3. Strong vs Eventual Consistency

Strong: All users see same state (Spanner)
Eventual: Temporary inconsistencies (Cassandra)
Tradeoff: Consistency vs latency vs availability
Choice: Strong for document state, eventual for presence

4. Caching Strategy

Multi-level: Client, Redis, CDN
Invalidation: Write-through, TTL-based
Hit rate: Target 95%+ to reduce database load

5. Scaling Patterns

Horizontal: Add more servers
Vertical: Bigger servers (limited)
Sharding: Partition by document ID
Replication: Multiple copies for reads

Common Mistakes to Avoid

1. Not Discussing OT

❌ "We'll just use last-writer-wins for conflicts" ✅ "We'll use Operational Transform to handle concurrent edits"

Why: OT is the core of collaborative editing. Not mentioning it shows lack of depth.

2. Ignoring Real-Time Requirements

❌ "Users can refresh to see updates" ✅ "We'll use WebSocket for real-time synchronization"

Why: Real-time is a fundamental requirement for Google Docs.

3. Oversimplifying Conflict Resolution

❌ "We'll lock the document when someone is editing" ✅ "We'll use OT to transform concurrent operations"
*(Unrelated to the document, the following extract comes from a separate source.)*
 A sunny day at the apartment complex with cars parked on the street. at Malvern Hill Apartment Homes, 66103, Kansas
Why: Locking defeats the purpose of collaborative editing.

4. Not Considering Scale

❌ "We'll use a single server for everything" ✅ "We'll need 300 WebSocket servers for 5M concurrent users"
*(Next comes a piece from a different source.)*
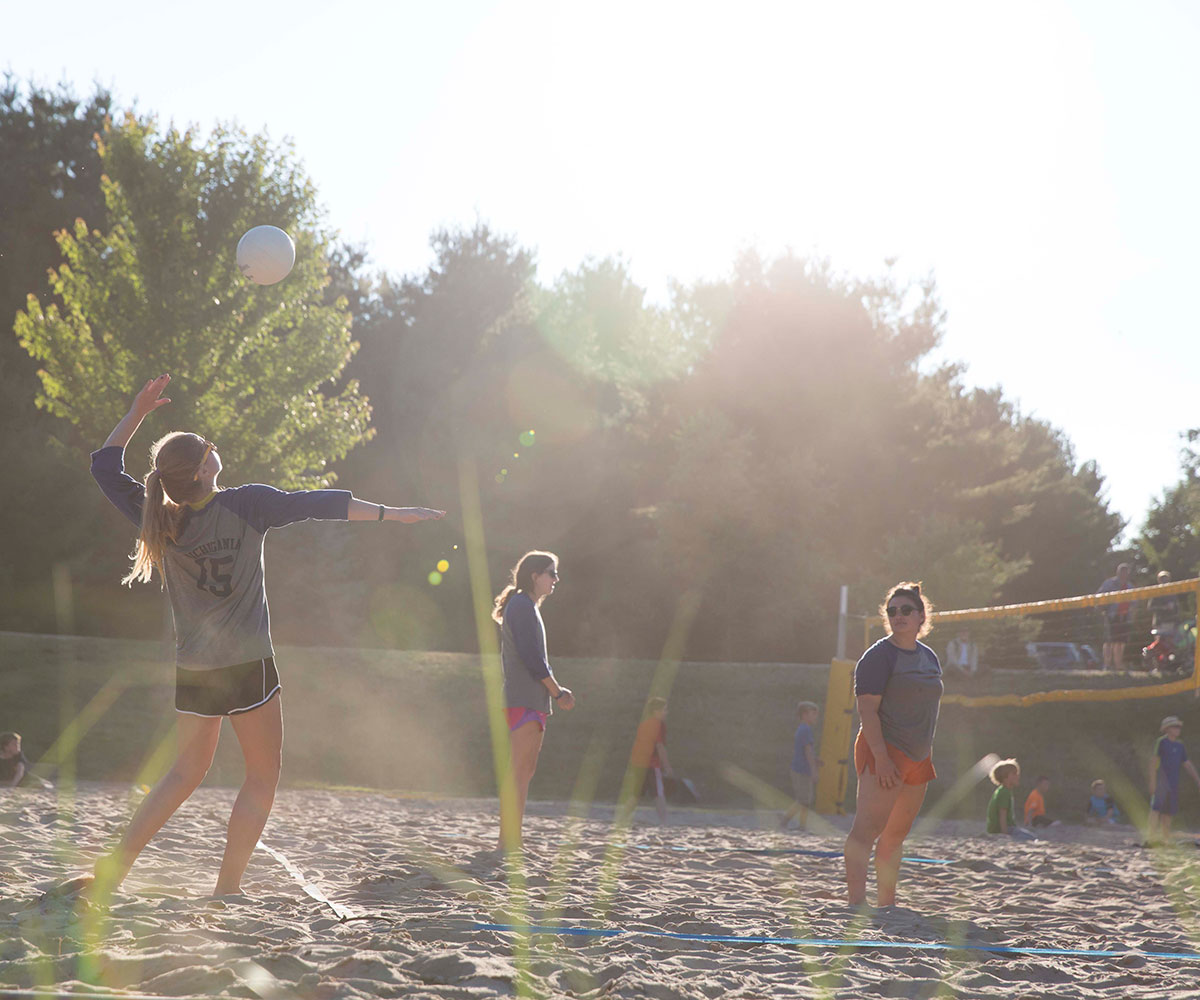 People playing volleyball at Camp Michigania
Why: Scale is a key constraint that affects architecture decisions.

5. Forgetting About Offline Mode

❌ "Users must be online to edit" ✅ "We'll support offline editing with sync on reconnection"

Why: Offline support is expected in modern applications.

6. Ignoring Security

❌ Not mentioning encryption or access control ✅ "We'll use TLS for transit, AES-256 for rest, and RBAC for access control"
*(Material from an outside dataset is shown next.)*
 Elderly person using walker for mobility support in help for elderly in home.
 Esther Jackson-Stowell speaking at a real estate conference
Why: Security is critical for document editing systems.

How to Stand Out

1. Mention Specific Technologies

Instead of: "We'll use a database" Say: "We'll use Spanner for strong consistency and global distribution"

2. Provide Numbers

Instead of: "We'll need multiple servers" Say: "We'll need 100 servers per region for 5M concurrent users at 50K connections per server"

3. Discuss Tradeoffs

Instead of: "We'll use OT" Say: "We'll use OT over CRDT because it provides better user experience despite O(n²) complexity"

4. Consider Edge Cases

What if 1000 users edit simultaneously?
What if the OT server crashes?
What if a user edits offline for a week?
What if someone pastes 1MB of text?

5. Think About Operations

How do we monitor OT server health?
How do we debug conflicts?
How do we handle schema migrations?
How do we test OT correctness?

Time Management Tips

Allocate Time Wisely

Requirements: 10% (5 minutes)
High-level design: 30% (15 minutes)
Deep dive: 40% (20 minutes)
Scaling: 20% (10 minutes)

If Running Out of Time

Prioritize:

OT explanation (most important)
WebSocket architecture
Database design
Scaling strategy

Skip if needed:

Monitoring and alerting
Deployment strategy
Cost optimization
Advanced features (comments, suggestions)

If Ahead of Schedule

Discuss:

Rich text formatting
Comments and suggestions
Version history
Offline mode
Security and compliance

Final Checklist

Before ending the interview, ensure you've covered:

Operational Transform explanation with example
WebSocket architecture for real-time sync
Database choice with justification (Spanner)
Conflict resolution strategy
Scaling approach (horizontal, regional)
Caching strategy (multi-level)
Offline support (IndexedDB, sync)
Security basics (encryption, access control)
At least one tradeoff discussion
Capacity calculations with numbers

Summary

Key Takeaways:

Master OT: It's the heart of collaborative editing
Think Real-Time: WebSocket, low latency, immediate updates
Scale Matters: Calculate capacity, discuss bottlenecks
Tradeoffs: OT vs CRDT, strong vs eventual consistency
Be Specific: Name technologies, provide numbers
Consider Edge Cases: Hot documents, crashes, offline editing
Security: Don't forget encryption and access control

Success Formula:

Clear communication > Perfect solution
Tradeoff discussion > Single approach
Specific examples > Generic statements
Capacity calculations > Hand-waving
Asking questions > Making assumptions

Good luck with your interview! Remember, the interviewer wants to see your thought process, not just the final design.